» **Task statement**
As soon as the line containing "Bode Natural Sequined Wool Cardigan" appears, start repeating lines exactly and continue to the end of the entries; please skip pictures.

» **Excerpted data**
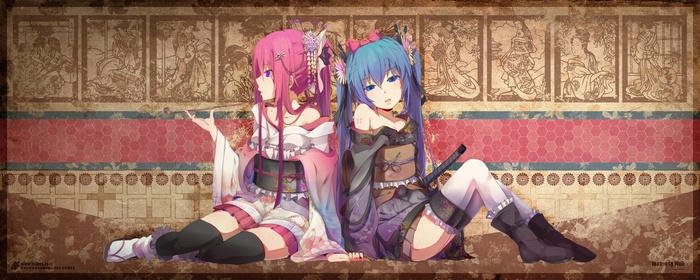 Hatsune Miku and Megurine Luka in traditional Japanese attire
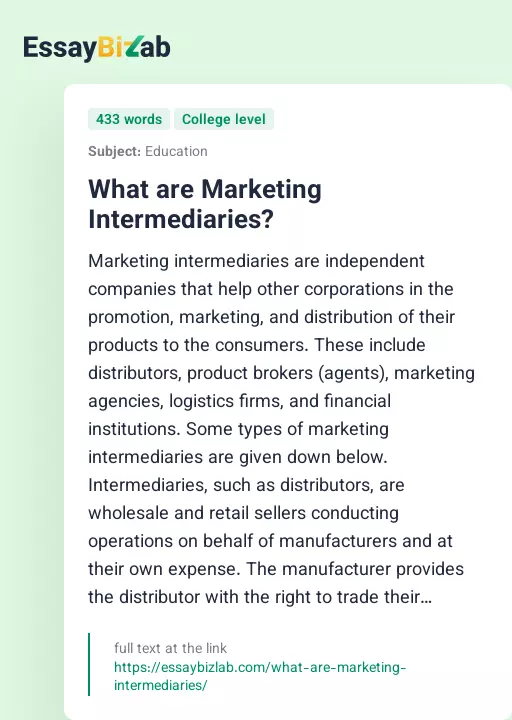 What are Marketing Intermediaries? - Essay Preview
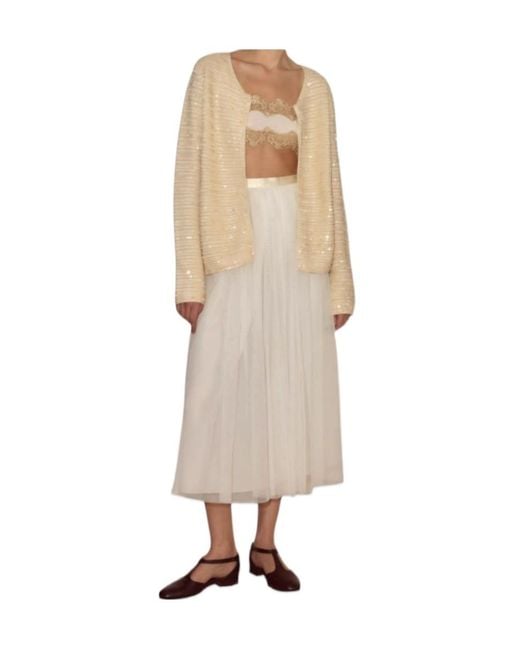 Bode Natural Sequined Wool Cardigan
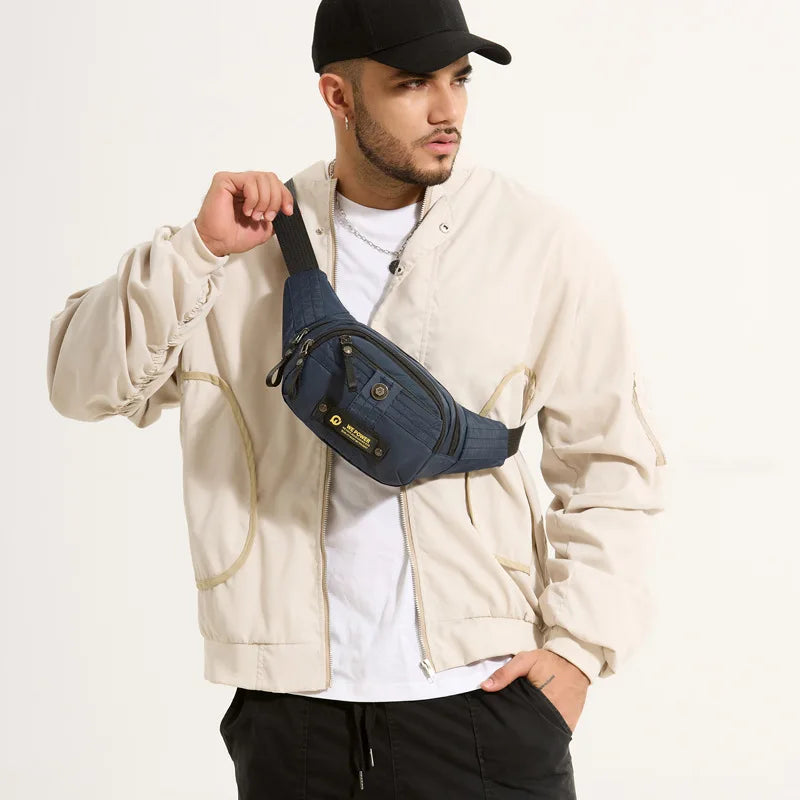 Sports Leisure Waist Bag Men Multi-Layer Multi-Zipper Lightweight Shoulder Crossbody Commuting Chest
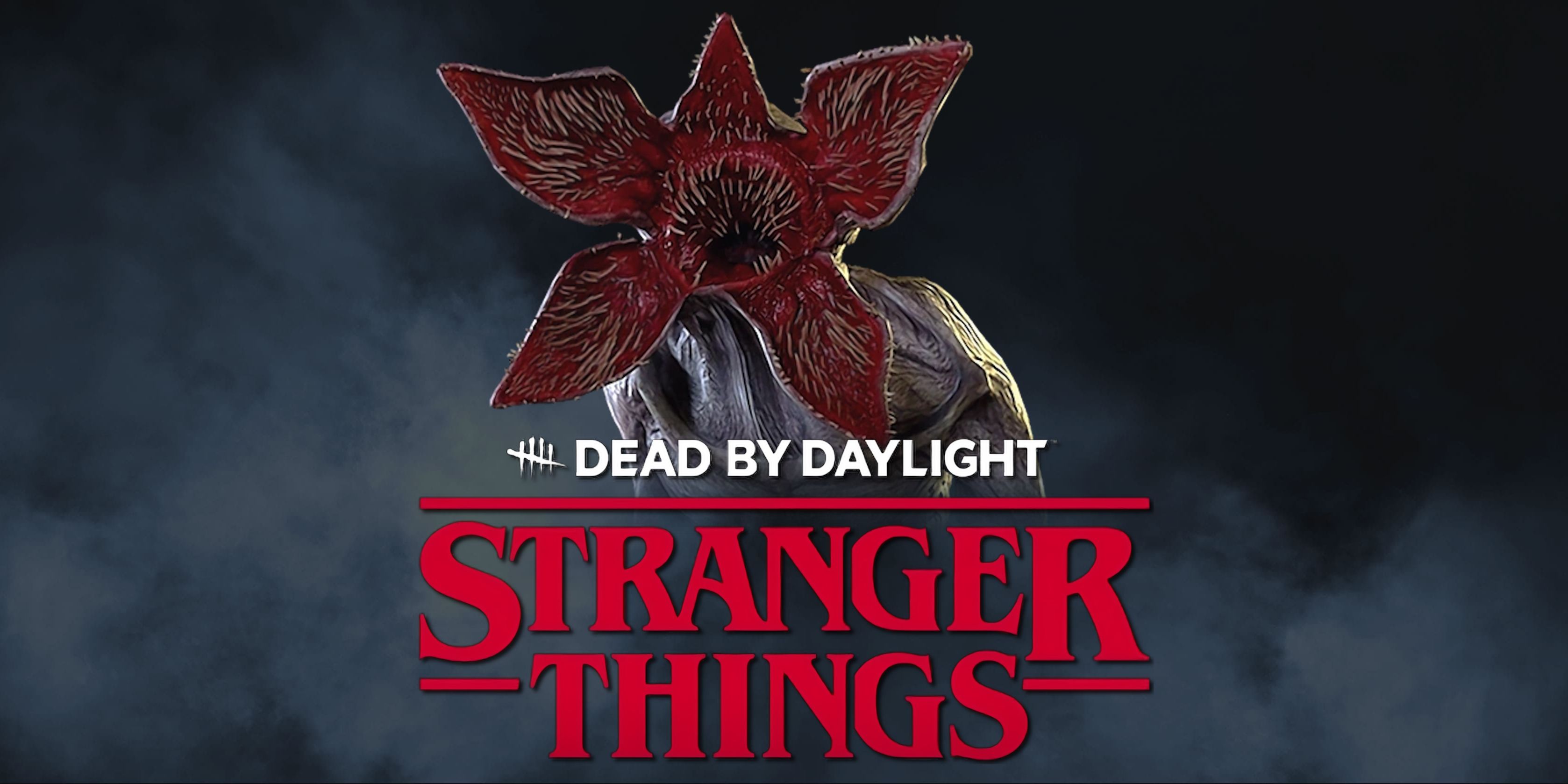 dead by daylight stranger things logo fog background demogorgon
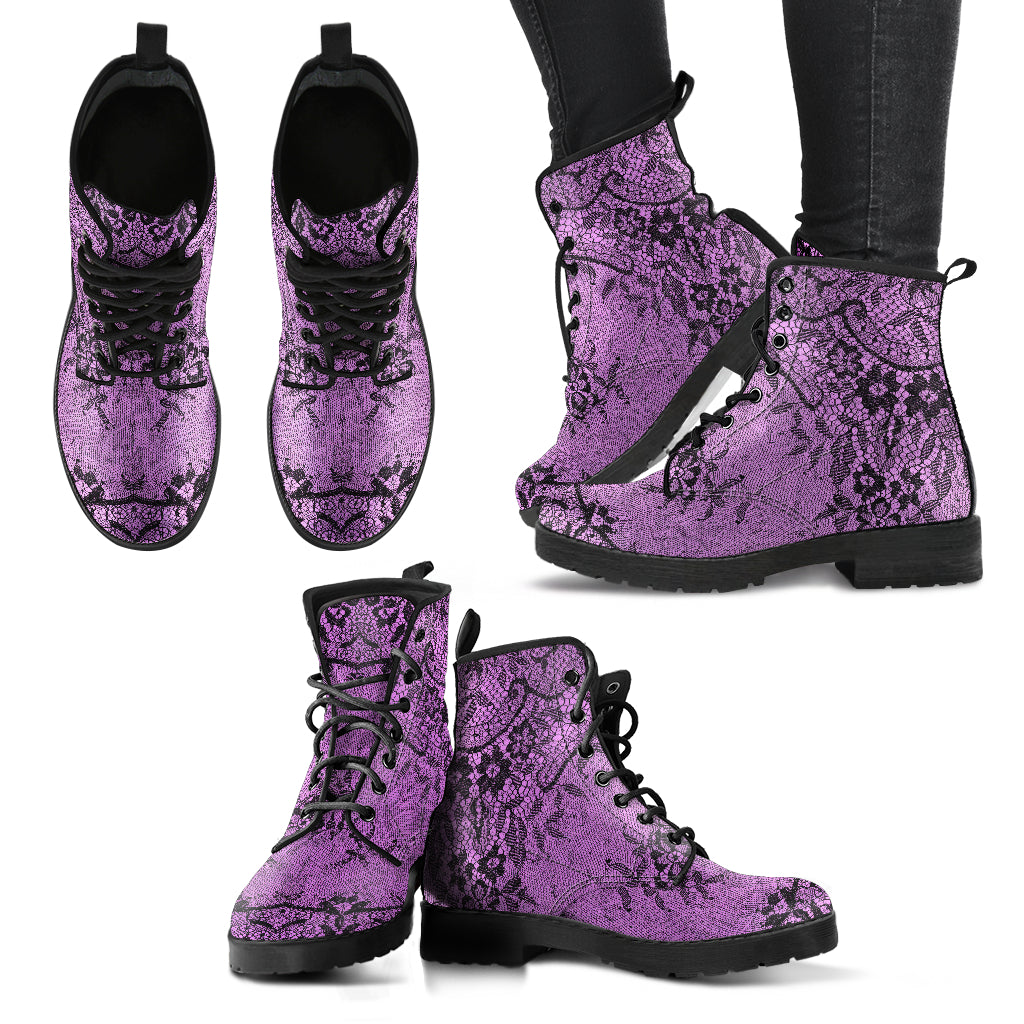 Pink and Black Lace Vegan Leather Combat Boots (REG23)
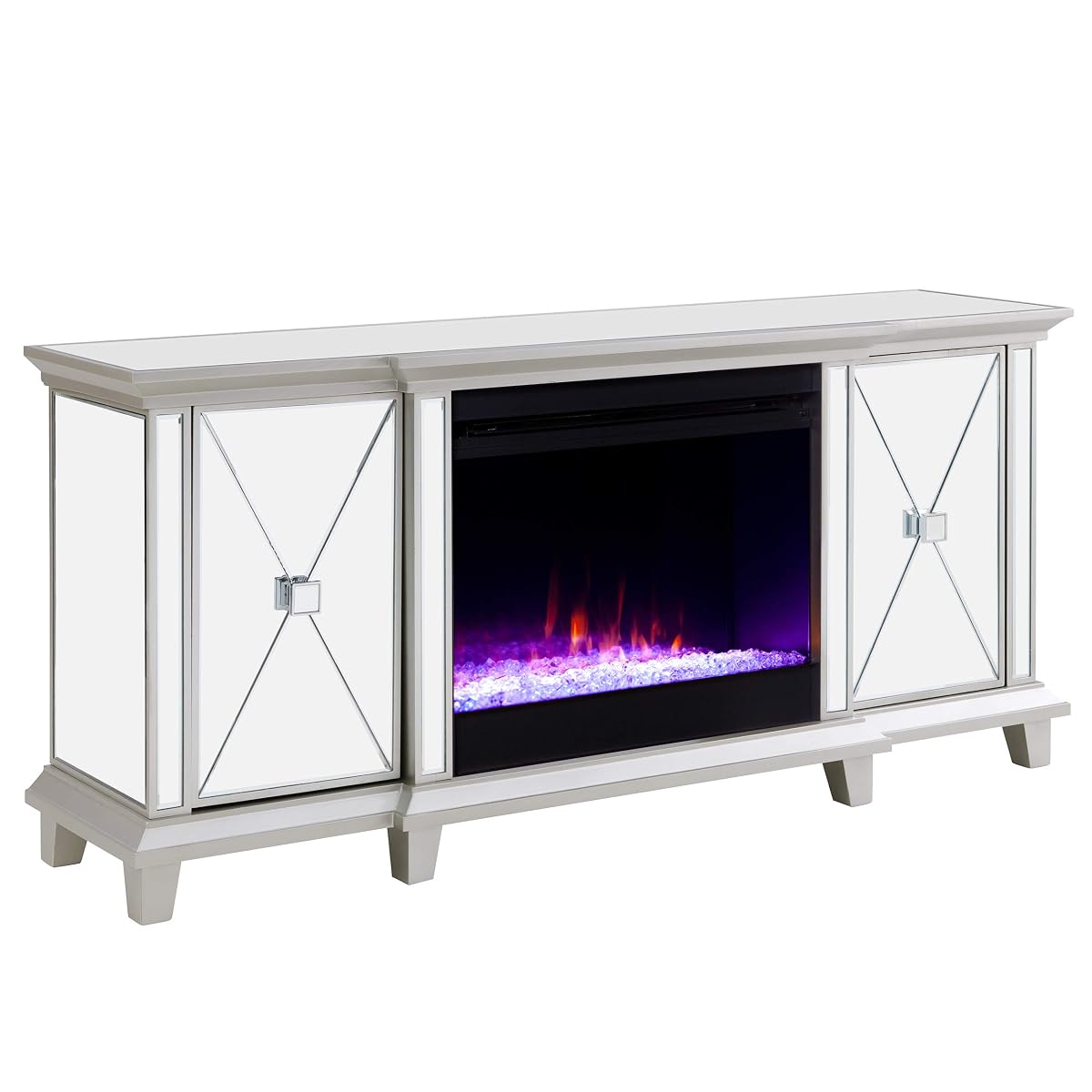 Toppington Mirrored Fireplace Media Console - Transitional Design, Silver Glass and Wood - Ideal for Living Room, Family Room (FC1010356)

» **Written solution**
 Bode Natural Sequined Wool Cardigan
 Sports Leisure Waist Bag Men Multi-Layer Multi-Zipper Lightweight Shoulder Crossbody Commuting Chest
 dead by daylight stranger things logo fog background demogorgon
 Pink and Black Lace Vegan Leather Combat Boots (REG23)
 Toppington Mirrored Fireplace Media Console - Transitional Design, Silver Glass and Wood - Ideal for Living Room, Family Room (FC1010356)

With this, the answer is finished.